Since the total collection of arguments might be overwhelming, some arguments may be labeled as ‘superuser arguments’ and their defaults often assumed to be correct. By default these superuser arguments would be omitted from the help
printout.
> lsst help --all process-ccd
would reveal them.
Similarly, a user might want to filter the command line help to just the base package or a certain subtask. These commands would help with that
# only arguments for process-ccd itself
> lsst help --base process-ccd
# help for isr,calibrate subtasks.
> lsst help --sub isr,calibrate process-ccd
Graphical task help
The terminal has limited information bandwidth. Instead, we could use the show
verb:
> lsst show process-ccd [args]
This launches a local static web page showing the pipeline, including task help and the values of arguments as currently set on the command line.

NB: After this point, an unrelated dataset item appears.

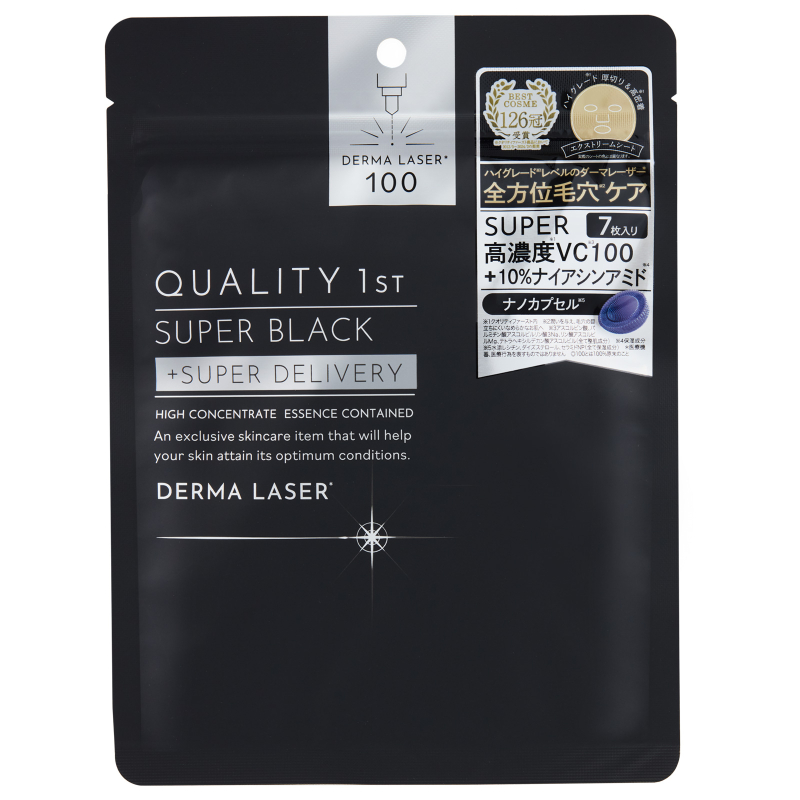 Quality 1st Derma Laser Super Black. Маска дерма лазер для сужения пор и борьбы с комедонами суперблэк на основе четырех видов витамина С, 7 шт.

This is an improvement on the docs that I can ship with the LSST Stack Docs because these docs will reflect the actual state of a task given the current configuration, including redirected tasks and what arguments have been set to non-default values.
Graphical task composition
The static web server help provided by lsst show process-ccd
was nice, but why settle?
The command
> lsst compose process-ccd
launches a graphical task composer. That is, a local python server is booted up. In this local web app, the user can actually configure and preview the task pipeline.
The user could graphically redirect a subtask to another one and dynamically see the new options that are needed.
The user could also see exactly what data would be processed given Butler data id selectors.
Once the user was satisfied, that pipeline configuration could be exported from the local web app so that the user could immediately run the pipeline in the command line.
Architectural requirements
This discussion is deliberately not about implementation, but rather about experience. Nonetheless, the experience requires these pieces of infrastructure to be implemented:
- There needs to be a task registry that not only LSST stack tasks plug into, but any third-part
obs_
tasks etc plug into as well. This will allow thelsst
command to show a listing of all commands, and forlsst compose
to help a user redirect subtasks by showing tasks available. - Tasks not long exist as command line scripts, but as Python modules that follow a task protocol/API.
- There needs to be an API for tasks to expose their processing task pipeline DAG, as currently configured.
Closing
I’ve designed a command line task architecture not by considering the implementation details, but by instead considering the user experience. I’ve given a realization of what UX thinking might give you. But even if this specific command line UI is not adopted, I stress that UX thinking should be used when implementing any changes to the command line task architecture.
I also think that tasks should be viewed and designed as a cohesive whole. Tasks shouldn’t just be created to suit a need and figuratively thrown into a bin/ directory. Tasks should serve as a unified vocabulary for processing data.